*** Given records Section Begins ***

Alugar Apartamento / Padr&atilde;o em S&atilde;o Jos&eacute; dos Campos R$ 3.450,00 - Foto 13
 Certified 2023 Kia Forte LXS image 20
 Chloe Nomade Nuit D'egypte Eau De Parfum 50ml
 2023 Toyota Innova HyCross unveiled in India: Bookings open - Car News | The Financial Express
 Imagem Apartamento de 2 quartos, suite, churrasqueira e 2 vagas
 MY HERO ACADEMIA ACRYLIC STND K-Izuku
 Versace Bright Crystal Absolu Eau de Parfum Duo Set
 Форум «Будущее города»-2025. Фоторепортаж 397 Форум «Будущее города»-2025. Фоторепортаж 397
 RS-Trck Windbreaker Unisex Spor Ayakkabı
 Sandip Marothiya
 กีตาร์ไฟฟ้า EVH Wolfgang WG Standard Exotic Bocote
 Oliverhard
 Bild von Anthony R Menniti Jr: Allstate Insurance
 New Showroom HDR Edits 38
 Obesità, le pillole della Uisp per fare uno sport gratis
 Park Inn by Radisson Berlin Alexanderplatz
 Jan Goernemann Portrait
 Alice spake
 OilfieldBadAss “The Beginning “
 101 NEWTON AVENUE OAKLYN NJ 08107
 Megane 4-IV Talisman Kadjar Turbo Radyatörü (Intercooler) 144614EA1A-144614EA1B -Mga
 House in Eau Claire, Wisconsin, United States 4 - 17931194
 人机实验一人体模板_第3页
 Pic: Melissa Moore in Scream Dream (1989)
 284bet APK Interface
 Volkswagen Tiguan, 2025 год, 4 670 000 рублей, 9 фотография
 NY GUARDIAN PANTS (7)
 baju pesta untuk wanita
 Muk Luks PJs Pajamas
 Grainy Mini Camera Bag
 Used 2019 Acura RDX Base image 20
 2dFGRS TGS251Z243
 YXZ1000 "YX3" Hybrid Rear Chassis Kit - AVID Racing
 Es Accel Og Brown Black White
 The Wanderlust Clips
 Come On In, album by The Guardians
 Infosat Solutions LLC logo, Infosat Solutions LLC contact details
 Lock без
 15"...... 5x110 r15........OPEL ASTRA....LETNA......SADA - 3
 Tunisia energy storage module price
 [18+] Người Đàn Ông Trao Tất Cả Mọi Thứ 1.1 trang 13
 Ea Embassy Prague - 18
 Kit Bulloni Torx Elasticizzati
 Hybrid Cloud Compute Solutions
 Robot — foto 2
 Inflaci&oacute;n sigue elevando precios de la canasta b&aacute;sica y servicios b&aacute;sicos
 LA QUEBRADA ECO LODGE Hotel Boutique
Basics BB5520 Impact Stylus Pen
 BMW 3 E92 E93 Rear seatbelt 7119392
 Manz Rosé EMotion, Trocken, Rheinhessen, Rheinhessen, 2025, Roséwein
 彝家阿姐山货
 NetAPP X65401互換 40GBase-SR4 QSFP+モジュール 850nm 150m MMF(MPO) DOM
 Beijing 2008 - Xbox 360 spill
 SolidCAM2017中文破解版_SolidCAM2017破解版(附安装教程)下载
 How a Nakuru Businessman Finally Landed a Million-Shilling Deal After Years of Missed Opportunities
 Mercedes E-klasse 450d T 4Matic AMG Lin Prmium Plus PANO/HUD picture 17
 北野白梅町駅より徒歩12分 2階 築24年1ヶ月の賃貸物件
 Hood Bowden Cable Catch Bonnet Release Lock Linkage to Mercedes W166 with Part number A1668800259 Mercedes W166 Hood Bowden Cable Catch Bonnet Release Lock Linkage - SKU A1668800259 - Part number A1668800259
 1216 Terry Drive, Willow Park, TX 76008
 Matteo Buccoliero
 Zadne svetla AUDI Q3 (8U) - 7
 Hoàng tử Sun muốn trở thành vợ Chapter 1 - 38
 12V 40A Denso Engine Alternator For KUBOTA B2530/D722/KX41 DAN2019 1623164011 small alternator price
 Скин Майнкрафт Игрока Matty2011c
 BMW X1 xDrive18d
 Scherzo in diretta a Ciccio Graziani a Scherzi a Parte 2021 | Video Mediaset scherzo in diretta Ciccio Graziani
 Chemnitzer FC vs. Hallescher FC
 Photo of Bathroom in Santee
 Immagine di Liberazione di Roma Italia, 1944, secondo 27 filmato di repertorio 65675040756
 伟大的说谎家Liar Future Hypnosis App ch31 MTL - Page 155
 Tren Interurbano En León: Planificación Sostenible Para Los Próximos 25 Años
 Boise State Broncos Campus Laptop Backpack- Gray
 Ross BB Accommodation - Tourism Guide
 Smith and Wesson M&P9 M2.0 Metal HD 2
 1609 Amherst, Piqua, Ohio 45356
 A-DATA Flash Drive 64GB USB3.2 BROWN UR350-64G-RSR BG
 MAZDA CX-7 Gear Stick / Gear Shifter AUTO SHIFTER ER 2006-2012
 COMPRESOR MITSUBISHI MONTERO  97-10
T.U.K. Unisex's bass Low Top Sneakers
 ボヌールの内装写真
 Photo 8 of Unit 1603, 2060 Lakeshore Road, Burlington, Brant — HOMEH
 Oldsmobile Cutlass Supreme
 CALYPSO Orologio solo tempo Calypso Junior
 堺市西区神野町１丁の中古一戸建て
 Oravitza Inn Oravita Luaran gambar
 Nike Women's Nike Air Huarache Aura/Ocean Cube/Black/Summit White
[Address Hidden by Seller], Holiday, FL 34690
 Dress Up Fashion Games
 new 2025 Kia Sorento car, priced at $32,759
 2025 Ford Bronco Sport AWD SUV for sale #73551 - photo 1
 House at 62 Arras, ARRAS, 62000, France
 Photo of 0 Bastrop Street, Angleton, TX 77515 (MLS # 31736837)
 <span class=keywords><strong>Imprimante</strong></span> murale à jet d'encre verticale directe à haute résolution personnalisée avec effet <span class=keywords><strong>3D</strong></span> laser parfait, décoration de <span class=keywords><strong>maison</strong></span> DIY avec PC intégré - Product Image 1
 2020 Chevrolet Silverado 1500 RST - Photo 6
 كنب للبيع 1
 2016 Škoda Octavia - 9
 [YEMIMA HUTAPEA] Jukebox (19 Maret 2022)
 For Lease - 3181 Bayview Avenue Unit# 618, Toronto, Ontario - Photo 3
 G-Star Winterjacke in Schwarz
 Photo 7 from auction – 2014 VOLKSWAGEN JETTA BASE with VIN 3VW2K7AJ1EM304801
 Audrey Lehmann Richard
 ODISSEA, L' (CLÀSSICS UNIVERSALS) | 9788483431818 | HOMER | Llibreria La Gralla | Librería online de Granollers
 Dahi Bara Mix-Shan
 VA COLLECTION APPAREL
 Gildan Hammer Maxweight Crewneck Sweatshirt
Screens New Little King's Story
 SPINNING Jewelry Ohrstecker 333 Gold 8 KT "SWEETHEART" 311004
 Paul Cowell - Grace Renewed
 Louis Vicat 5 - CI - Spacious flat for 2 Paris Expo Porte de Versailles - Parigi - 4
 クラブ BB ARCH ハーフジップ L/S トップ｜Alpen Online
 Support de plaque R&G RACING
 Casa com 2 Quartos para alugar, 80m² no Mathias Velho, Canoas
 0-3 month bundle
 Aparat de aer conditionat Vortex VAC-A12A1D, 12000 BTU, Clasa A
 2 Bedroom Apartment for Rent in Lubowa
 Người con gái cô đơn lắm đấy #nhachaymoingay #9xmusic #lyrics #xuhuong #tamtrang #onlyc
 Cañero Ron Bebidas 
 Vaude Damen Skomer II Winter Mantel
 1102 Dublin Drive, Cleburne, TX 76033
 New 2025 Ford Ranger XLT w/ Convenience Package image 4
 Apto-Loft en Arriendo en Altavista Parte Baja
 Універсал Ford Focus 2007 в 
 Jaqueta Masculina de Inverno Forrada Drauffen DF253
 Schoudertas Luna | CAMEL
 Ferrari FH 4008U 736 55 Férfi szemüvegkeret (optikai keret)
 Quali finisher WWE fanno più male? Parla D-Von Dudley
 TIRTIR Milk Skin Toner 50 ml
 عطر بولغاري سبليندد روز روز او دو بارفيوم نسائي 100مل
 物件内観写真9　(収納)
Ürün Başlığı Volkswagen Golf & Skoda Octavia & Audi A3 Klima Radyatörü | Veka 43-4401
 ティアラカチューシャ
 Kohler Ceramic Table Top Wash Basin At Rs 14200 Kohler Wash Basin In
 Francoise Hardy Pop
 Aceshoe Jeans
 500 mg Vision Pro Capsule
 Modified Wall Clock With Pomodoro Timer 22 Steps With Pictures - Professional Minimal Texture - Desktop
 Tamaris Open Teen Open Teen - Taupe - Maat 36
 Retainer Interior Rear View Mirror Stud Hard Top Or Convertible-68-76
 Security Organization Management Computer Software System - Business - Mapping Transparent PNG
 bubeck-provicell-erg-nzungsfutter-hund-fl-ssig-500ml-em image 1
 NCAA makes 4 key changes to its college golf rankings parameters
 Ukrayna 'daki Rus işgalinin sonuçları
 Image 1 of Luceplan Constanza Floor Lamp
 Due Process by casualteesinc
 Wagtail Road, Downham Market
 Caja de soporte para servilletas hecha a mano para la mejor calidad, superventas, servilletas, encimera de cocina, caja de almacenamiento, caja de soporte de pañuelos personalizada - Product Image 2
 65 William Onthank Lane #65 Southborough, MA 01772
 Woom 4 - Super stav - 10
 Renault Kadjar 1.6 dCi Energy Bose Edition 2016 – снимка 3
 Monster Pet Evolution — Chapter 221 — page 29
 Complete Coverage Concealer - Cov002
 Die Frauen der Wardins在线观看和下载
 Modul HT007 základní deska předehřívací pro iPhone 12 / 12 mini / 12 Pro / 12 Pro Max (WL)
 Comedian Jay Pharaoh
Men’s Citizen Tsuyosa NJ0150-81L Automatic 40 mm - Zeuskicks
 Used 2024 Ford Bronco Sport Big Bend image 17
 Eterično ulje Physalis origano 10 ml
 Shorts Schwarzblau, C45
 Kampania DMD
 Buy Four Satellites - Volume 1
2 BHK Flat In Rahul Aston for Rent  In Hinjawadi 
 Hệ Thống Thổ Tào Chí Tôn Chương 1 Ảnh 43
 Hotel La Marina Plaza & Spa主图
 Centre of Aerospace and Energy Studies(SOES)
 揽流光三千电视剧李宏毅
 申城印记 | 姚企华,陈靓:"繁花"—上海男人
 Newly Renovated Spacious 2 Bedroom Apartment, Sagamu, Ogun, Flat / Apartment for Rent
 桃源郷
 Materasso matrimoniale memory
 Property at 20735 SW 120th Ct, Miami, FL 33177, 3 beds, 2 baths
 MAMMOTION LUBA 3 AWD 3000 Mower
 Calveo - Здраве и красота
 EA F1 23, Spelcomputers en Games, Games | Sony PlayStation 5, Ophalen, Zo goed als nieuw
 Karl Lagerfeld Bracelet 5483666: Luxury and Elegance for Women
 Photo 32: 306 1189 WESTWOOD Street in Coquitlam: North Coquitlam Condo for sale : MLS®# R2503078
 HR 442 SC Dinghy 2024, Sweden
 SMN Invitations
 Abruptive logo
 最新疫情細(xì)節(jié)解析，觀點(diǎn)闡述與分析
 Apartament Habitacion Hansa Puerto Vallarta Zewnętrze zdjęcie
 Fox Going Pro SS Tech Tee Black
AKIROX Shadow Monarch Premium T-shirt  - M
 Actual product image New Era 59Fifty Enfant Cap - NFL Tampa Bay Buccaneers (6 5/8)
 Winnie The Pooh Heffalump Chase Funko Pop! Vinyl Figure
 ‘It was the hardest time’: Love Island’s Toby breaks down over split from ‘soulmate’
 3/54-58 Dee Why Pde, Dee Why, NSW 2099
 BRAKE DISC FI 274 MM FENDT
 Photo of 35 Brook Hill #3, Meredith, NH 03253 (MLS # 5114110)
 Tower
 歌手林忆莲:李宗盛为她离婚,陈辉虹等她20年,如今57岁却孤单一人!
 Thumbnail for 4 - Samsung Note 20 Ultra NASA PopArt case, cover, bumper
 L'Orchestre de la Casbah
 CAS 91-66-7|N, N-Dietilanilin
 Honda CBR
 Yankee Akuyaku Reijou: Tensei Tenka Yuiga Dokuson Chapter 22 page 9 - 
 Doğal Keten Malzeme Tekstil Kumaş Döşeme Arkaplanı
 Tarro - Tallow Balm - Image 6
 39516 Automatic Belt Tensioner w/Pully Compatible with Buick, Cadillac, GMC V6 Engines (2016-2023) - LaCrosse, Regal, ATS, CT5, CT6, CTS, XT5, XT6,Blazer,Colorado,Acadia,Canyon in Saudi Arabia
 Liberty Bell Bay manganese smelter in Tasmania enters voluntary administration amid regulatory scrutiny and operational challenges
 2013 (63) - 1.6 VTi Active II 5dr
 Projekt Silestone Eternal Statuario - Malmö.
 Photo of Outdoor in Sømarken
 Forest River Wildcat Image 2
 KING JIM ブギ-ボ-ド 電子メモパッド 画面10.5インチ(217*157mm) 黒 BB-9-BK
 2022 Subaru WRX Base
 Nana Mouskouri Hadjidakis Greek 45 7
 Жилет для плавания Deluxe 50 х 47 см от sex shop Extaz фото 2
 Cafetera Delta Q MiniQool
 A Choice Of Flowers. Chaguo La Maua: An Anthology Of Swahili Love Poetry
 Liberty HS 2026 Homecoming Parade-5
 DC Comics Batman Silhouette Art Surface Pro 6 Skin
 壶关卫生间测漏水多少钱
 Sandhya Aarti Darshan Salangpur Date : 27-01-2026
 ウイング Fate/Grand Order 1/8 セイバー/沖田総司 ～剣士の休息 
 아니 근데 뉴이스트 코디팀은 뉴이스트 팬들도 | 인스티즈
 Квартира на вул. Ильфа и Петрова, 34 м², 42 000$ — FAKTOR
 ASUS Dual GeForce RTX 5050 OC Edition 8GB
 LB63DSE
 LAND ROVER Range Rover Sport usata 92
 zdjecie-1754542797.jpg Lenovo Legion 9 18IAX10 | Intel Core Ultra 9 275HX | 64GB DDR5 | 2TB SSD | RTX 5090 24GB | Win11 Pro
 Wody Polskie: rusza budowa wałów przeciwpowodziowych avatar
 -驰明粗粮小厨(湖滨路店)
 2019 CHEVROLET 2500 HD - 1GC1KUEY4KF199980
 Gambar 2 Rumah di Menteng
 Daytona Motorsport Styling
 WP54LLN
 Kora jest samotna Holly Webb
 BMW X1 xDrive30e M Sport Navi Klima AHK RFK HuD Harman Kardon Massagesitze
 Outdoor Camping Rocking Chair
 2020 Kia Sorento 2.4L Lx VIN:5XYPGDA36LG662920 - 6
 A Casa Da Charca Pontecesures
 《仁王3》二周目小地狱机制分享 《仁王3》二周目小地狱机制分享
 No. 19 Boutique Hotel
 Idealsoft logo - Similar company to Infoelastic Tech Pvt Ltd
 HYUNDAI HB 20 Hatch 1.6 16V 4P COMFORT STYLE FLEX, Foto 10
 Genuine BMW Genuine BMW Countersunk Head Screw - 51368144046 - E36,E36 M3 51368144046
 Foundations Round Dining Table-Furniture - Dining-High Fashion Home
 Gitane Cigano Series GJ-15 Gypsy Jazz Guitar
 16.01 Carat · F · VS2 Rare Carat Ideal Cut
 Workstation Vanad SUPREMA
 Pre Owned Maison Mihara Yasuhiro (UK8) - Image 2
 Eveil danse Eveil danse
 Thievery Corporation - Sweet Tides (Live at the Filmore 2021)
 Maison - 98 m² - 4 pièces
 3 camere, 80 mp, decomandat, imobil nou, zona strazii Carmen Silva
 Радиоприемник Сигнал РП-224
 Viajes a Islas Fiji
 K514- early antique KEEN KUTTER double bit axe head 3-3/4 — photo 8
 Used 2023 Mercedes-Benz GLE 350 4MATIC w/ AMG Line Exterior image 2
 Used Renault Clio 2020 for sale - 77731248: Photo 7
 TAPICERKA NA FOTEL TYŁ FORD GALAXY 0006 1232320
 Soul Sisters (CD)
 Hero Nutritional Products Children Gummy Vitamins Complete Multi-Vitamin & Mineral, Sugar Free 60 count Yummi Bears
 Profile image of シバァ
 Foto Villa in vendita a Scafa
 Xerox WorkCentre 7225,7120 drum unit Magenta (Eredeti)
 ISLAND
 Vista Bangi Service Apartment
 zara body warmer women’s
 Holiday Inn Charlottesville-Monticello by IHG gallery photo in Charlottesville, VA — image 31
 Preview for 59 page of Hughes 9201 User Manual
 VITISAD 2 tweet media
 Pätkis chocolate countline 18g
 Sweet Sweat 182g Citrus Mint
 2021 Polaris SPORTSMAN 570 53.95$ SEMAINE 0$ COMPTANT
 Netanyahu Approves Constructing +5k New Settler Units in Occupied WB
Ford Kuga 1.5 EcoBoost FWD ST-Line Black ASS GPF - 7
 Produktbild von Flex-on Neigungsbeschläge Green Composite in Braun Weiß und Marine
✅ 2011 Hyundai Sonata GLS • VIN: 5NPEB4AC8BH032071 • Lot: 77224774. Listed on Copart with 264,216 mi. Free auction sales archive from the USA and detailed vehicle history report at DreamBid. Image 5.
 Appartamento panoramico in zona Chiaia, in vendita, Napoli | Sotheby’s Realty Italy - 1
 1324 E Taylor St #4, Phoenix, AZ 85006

*** Given records Section Ends ***

**Task details:** Please write out, exactly as they appear above, only the lines in the stretch from the line with "Tren Interurbano En" through the line with "Oldsmobile Cutlass Supreme".

**Exercise response:**
 Tren Interurbano En León: Planificación Sostenible Para Los Próximos 25 Años
 Boise State Broncos Campus Laptop Backpack- Gray
 Ross BB Accommodation - Tourism Guide
 Smith and Wesson M&P9 M2.0 Metal HD 2
 1609 Amherst, Piqua, Ohio 45356
 A-DATA Flash Drive 64GB USB3.2 BROWN UR350-64G-RSR BG
 MAZDA CX-7 Gear Stick / Gear Shifter AUTO SHIFTER ER 2006-2012
 COMPRESOR MITSUBISHI MONTERO  97-10
T.U.K. Unisex's bass Low Top Sneakers
 ボヌールの内装写真
 Photo 8 of Unit 1603, 2060 Lakeshore Road, Burlington, Brant — HOMEH
 Oldsmobile Cutlass Supreme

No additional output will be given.